WORK REQUIRED — Leave the pictures out and repeat the rest of the data below exactly.

====== GIVEN DATA

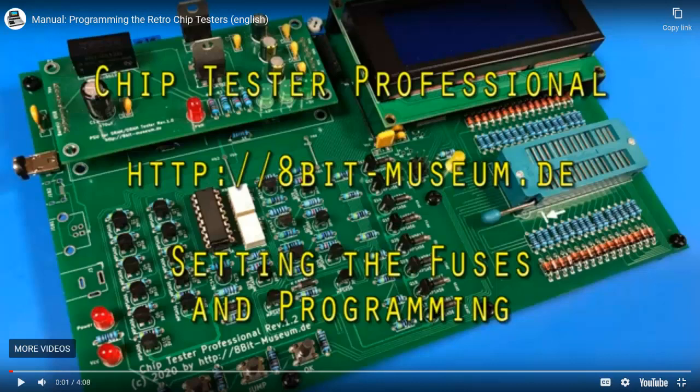Hello everybody and welcome to another video from ArcadeComponents.com. This time I've got a chip tester professional that I got from the 8-Bit Museum in Germany. It's an amazing tester but I've been lax on setting up any of the additional firmware from what was on the chip when I bought the programmer and assembled it.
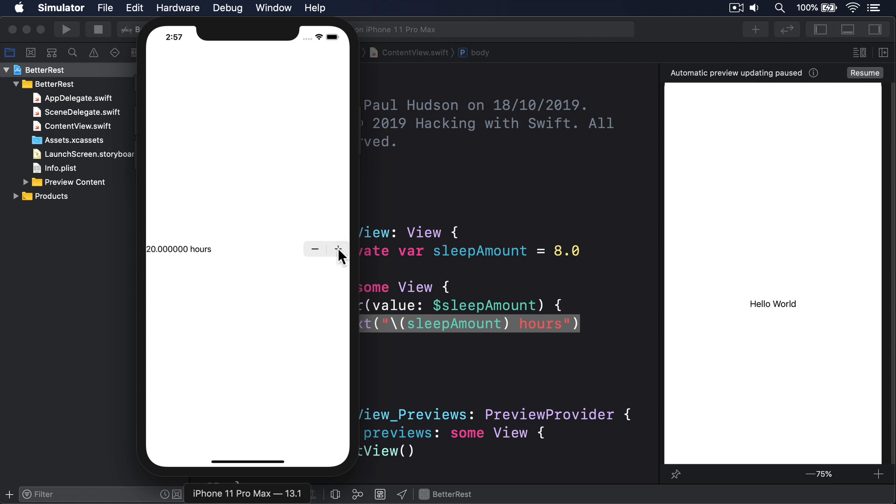By default, steppers are limited only by the range of their storage. We're using a double in this example, which means the maximum value of the slider will be 1.7976931348623157e plus 308. That's scientific notation, but it means 1.79769 times 10 to the power of 308. Or, in simpler terms, a really very large number indeed.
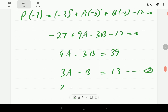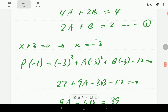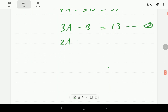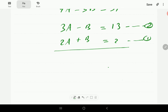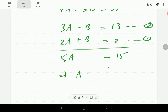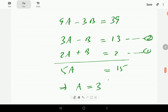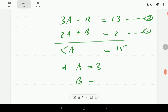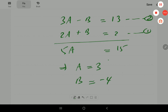Bringing Equation 1 (2a plus b equals 2) and Equation 2 (3a minus b equals 13) together and adding, we get 5a equals 15, so a equals 3. Substituting back gives b equals negative 4.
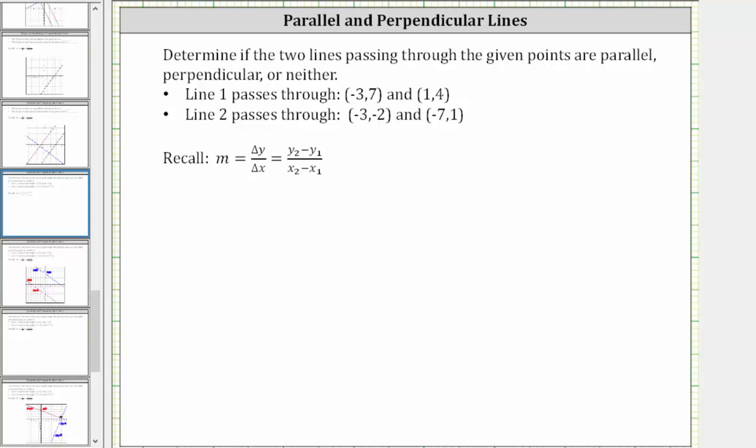We are asked to determine if the two lines passing through the given points are parallel, perpendicular, or neither.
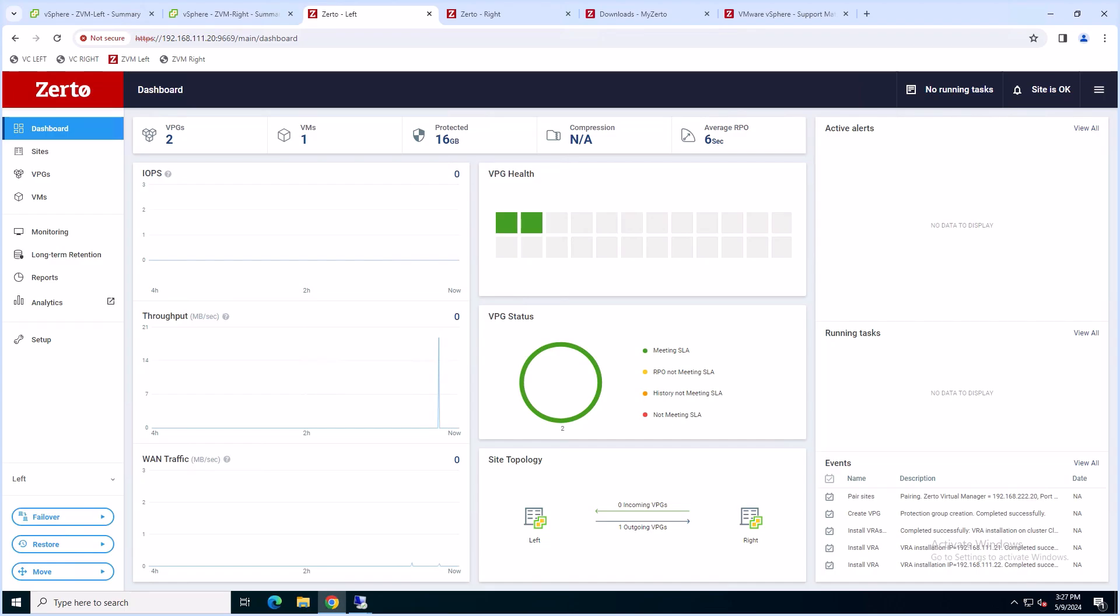In this video, we're going to review how to upgrade your 9.5 Zerto Virtual Manager to version 9.7.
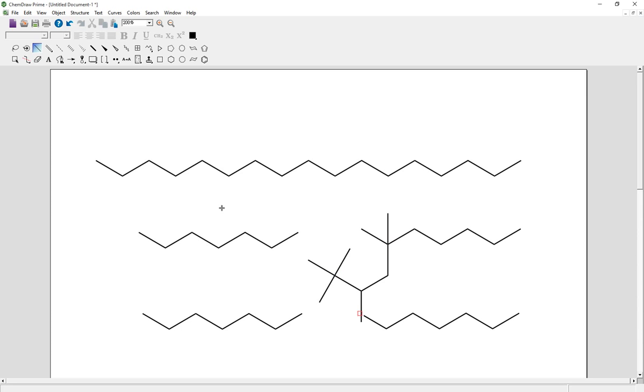If you want to make a double bond, use the solid bond tool and move to the bond, then pressing two will make a double bond, three will be a triple bond, and four will be a quadruple bond.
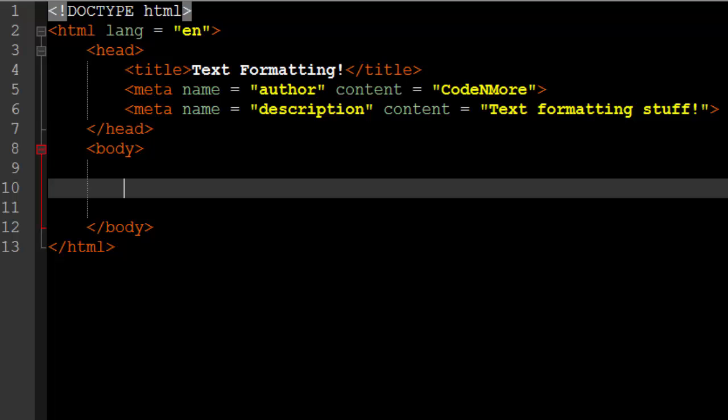What's going on everyone, my name is CodeNMore and welcome back to Intro to Web Development Episode 6. In this episode we're just going to learn a bunch more text formatting tags and do a little bit more practice. So this is going to be kind of a casual tutorial.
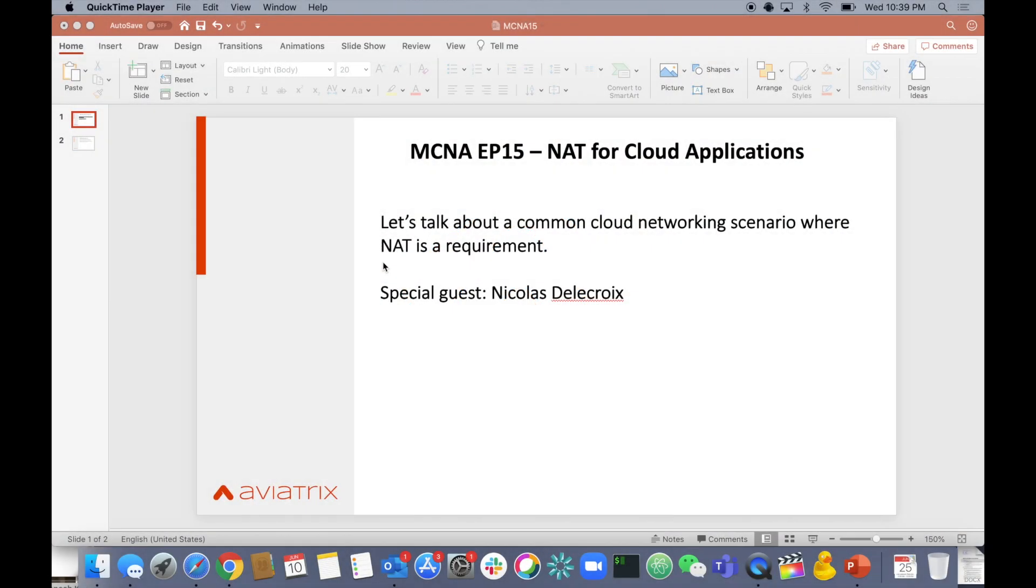Welcome back, everybody. This is episode 15 of my Multi-Cloud Network Architecture series. And in this episode, we're going to be talking about NAT for cloud applications.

============

ANSWER BOX —
Hello everybody and welcome to another video from ArcadeComponents.com. This time I've got a chip tester professional that I got from the 8-Bit Museum in Germany. It's an amazing tester but I've been lax on setting up any of the additional firmware from what was on the chip when I bought the programmer and assembled it.
By default, steppers are limited only by the range of their storage. We're using a double in this example, which means the maximum value of the slider will be 1.7976931348623157e plus 308. That's scientific notation, but it means 1.79769 times 10 to the power of 308. Or, in simpler terms, a really very large number indeed.
Bringing Equation 1 (2a plus b equals 2) and Equation 2 (3a minus b equals 13) together and adding, we get 5a equals 15, so a equals 3. Substituting back gives b equals negative 4.
We are asked to determine if the two lines passing through the given points are parallel, perpendicular, or neither.
In this video, we're going to review how to upgrade your 9.5 Zerto Virtual Manager to version 9.7.
If you want to make a double bond, use the solid bond tool and move to the bond, then pressing two will make a double bond, three will be a triple bond, and four will be a quadruple bond.
What's going on everyone, my name is CodeNMore and welcome back to Intro to Web Development Episode 6. In this episode we're just going to learn a bunch more text formatting tags and do a little bit more practice. So this is going to be kind of a casual tutorial.
Welcome back, everybody. This is episode 15 of my Multi-Cloud Network Architecture series. And in this episode, we're going to be talking about NAT for cloud applications.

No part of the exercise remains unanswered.